I primi due referendum trattano del servizio idrico. Con il primo quesito (scheda rossa) si chiede di abrogare la legge che permette di affidare la gestione delle reti idriche ai privati: l’acqua, quindi, è (e non può essere diversamente) sempre patrimonio di tutti, la sua proprietà non è stata trasferita ai privati, ma a questi ultimi si delega la gestione del suo arrivo in tutte le case. Se si vota sì, la gestione tornerà esclusivamente allo Stato che ha gestito l’acqua attraverso società pubbliche con componenti (ovviamente) di nomina politica. Se si vota no, la gestione delle reti idriche potrà continuare ad essere assicurata anche da aziende private. Con il secondo quesito (scheda gialla) si chiede di abrogare alcune norme che permettono ai gestori (pubblici o privati) di fissare la tariffa per l’erogazione dell’acqua in base non solo ai costi di gestione ma anche ad una quota di profitto da realizzarsi. Se si vota sì, si impedisce ai gestori di aumentare le tariffe dell’acqua per conseguire maggiore profitto (ma solo se aumentano i costi di gestione), se si vota no, si mantiene la possibilità di ricavare profitto dalla gestione idrica.
Più semplice la spiegazione del terzo quesito (scheda grigia): si chiede di abrogare una norma che nel 2008 fu introdotta per consentire la ripresa del programma di costruzione delle centrali nucleari. Se si vota sì, viene impedito di realizzare nuovi insediamenti per la produzione di energia nucleare, se si vota no, viene mantenuta questa possibilità, che attualmente potrà essere concretizzata solo a partire dal 2012, vista la moratoria di un anno decisa dal Governo.
Il quarto quesito (scheda verde) chiede invece l’abrogazione della legge che permette al Presidente del Consiglio e ai ministri di poter far slittare una udienza penale ad altra data se impegnati in attività istituzionali (il cosiddetto “legittimo impedimento”).
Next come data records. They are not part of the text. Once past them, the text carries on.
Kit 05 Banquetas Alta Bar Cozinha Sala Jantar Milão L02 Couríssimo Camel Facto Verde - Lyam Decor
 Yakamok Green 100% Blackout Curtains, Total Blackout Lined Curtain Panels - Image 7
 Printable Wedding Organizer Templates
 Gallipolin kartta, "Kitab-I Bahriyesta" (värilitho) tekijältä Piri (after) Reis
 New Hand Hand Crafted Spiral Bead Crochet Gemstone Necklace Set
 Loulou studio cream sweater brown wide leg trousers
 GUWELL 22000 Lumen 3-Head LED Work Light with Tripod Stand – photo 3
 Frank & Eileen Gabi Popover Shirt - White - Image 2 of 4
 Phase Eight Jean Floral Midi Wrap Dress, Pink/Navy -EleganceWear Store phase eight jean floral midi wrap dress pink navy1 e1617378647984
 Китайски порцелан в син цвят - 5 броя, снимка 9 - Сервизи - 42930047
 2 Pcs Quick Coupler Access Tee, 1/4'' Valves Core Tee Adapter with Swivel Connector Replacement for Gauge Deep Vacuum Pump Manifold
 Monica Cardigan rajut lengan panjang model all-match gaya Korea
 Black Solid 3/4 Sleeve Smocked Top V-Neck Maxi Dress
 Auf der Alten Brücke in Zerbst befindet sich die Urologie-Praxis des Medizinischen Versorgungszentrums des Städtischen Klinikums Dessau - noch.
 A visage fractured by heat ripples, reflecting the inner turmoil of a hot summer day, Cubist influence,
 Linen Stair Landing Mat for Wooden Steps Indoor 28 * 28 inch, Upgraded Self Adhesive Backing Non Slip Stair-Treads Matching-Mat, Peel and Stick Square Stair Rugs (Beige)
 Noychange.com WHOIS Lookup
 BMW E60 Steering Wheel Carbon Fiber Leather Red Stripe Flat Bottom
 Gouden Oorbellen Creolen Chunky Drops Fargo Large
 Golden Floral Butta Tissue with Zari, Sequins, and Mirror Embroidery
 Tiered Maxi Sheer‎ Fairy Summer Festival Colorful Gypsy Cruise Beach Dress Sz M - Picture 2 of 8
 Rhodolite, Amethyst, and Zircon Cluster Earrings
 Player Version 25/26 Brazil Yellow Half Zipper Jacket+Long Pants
Se si vota sì, i membri del Governo dovranno presentarsi obbligatoriamente alle udienze penali fissate che li vedono coinvolti a qualsiasi titolo, tralasciando dunque le attività istituzionali in cui sono eventualmente impegnati, se si vota no, si mantiene il legittimo impedimento.
In questi giorni, nei quali intendo maturare per bene la mia decisione, credo di tornare sul tema del referendum sul mio blog, aperto come sempre al confronto.